The variability associated with an aggregate vector (such as a vector that represents a word in a subset of the corpus as described above) can be conceptualized as the variability of its vectors constituting it. We can therefore measure such variability by examining the similarity of each constituent vector to the centroid, in a similar fashion to how variance of individual data points is measured with relation to the mean. Importantly, since the correlation measure is higher for context vectors that are closer to the centroid (with a maximal value of 1 for vectors that are identical to the centroid), higher numbers indicate less variability. To aid with interpretation, below this correlation will be referred to as a measure of uniformity. Finally, its distribution is asymmetric, with maximal uniformity at one end and maximum variability at the other. As a result, there is no need to use the absolute value of the differences or to square them in order to get an accurate estimate of uniformity for comparisons.

Results

Nouns and verbs

The first analysis was based on the variability in context and change in word use over time between high-frequency nouns and verbs. For each word, the vectors representing the contexts in which the word appeared were examined in groups of texts spanning 25-year-long periods, based on the birth date of the authors. Two hypotheses were tested: first that verbs are used in more varied textual contexts than nouns, and second that the contexts in which verbs appear change more rapidly over time than do the contexts in which nouns appear. To demonstrate this, changes in the mean textual contexts were compared over two time scales—25 and 50 years. Importantly, if we were to observe higher variability over periods of 50 years than over periods of 25 years, we could demonstrate that change in use accumulates over time. Since the number of authors whose works are out of copyright (and therefore can be provided by Project Gutenberg) drops sharply at the beginning of the 20th century, the starting periods in this analysis were limited to authors born from 1800 to 1825 and from 1825 to 1850. The means and standard deviations of the correlations between context vectors across time can be found in Fig. 2.

Fig. 2
figure 2

Measures of semantic change in nouns and verbs over time. Higher values indicate more similarity in meaning over time. Error bars represent standard errors of the means

Variability within a time period was measured by averaging the correlation of the contexts of each term to the centroid representing it for the particular time period. That is, first the average vector of all of the contexts was calculated for a particular word (e.g., man), and then the correlation of each context to this centroid. The resulting measure informed as to the uniformity of contexts—if all contexts were identical, the average of these correlations would be 1. The more variability there was in the contexts, the lower the average correlation of the individual vectors to the centroid would be. This measure of uniformity was then averaged across all the 25-year time periods, to calculate the overall uniformity of the context for each word. The overall uniformity of use of nouns and verbs could then be compared using a one-way ANOVA. As predicted, nouns (M = .433, SD = .037) were more uniform than verbs (M = .399, SD = .033), F(1, 258) = 55.32, MSE = 0.0013, p < .001, ηp2 = .18.

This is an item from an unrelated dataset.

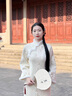 布伊特冬季旗袍麂皮絨加絨刺繡新中式國風(fēng)女裝連衣裙新款高端修身絕美 白珍珠 M 曬單實(shí)拍圖
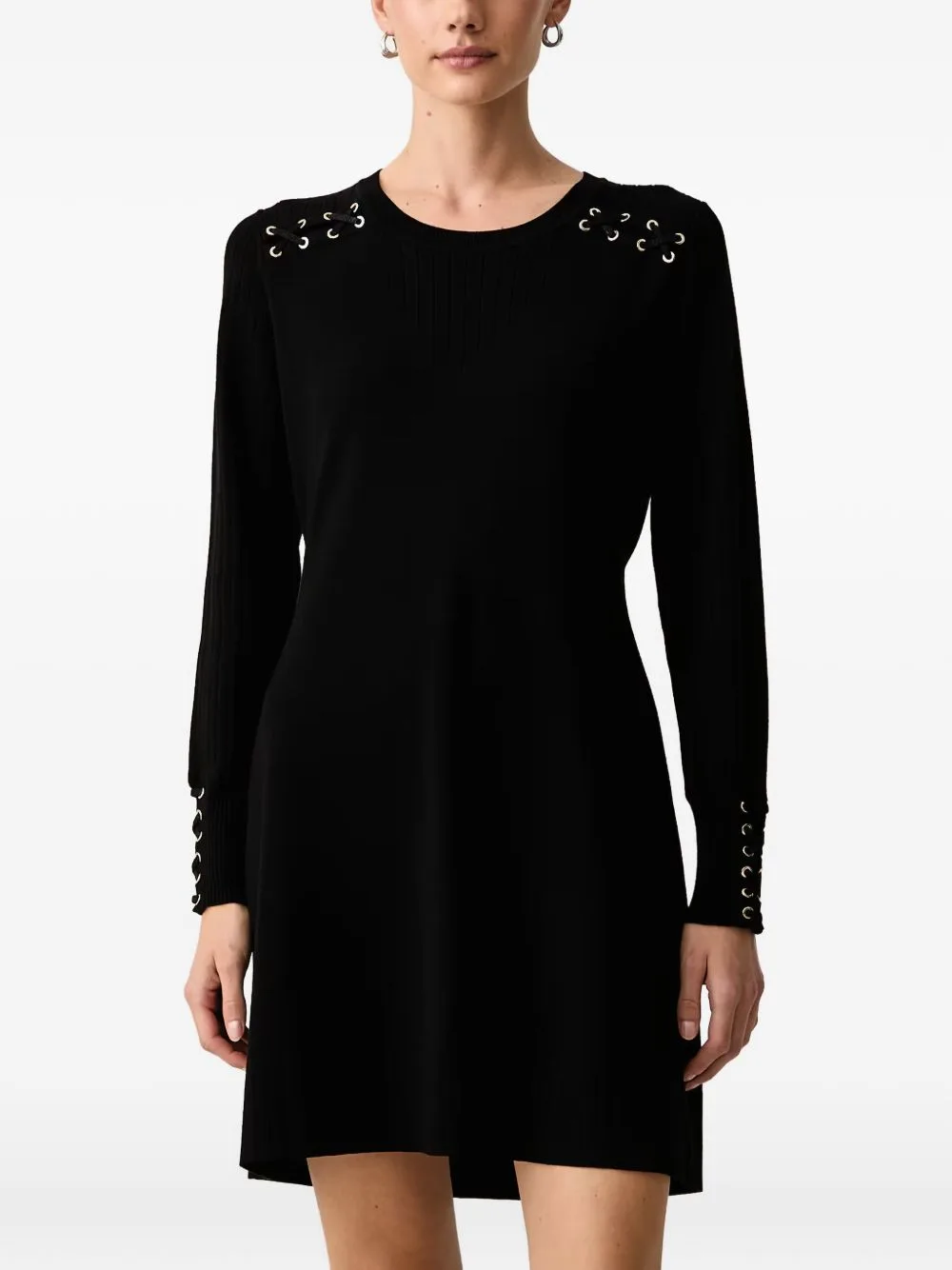 Dress in Knit with Laces by LIU JO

A two-way ANOVA was used to analyze change over time. In this analysis, the basic dependent measure was the correlation of the centroids between periods. That is, the centroid of each word from one time period (e.g., 1800–1825) was correlated to its centroid in a second time period (e.g., 1825–1850 for a 25-year span, or 1850–1875 for a 50-year span). Grammatical category (noun vs. verb) and length of time elapsed (25 vs. 50 years) were the IVs, and the similarity of meaning was the DV (measured as the correlation between the centroids of a word for two time periods that began either 25 or 50 years apart). Where grammatical category was a between-subjects variable (since different words counted as subjects in this study), the elapsed length of time was a within-subjects variable.

As predicted, a significant main effect of grammatical category emerged, in which the meaning of nouns was more similar over time than was the meaning of verbs, F(1, 258) = 50.59, MSE = 0.00032, p < .001, ηp2 = .16. Unsurprisingly, there was also a main effect of time, in which the correlation between the centroids was lower for the 50-year than for the 25-year periods, F(1, 258) = 2,523.75, MSE = 0.000037, p < .001, ηp2 = .91. More importantly, the predicted interaction was also observed—verbs showed more change in their centroids over time than did nouns, F(1, 258) = 37.28, MSE = 0.000037, p < .001, ηp2 = .13.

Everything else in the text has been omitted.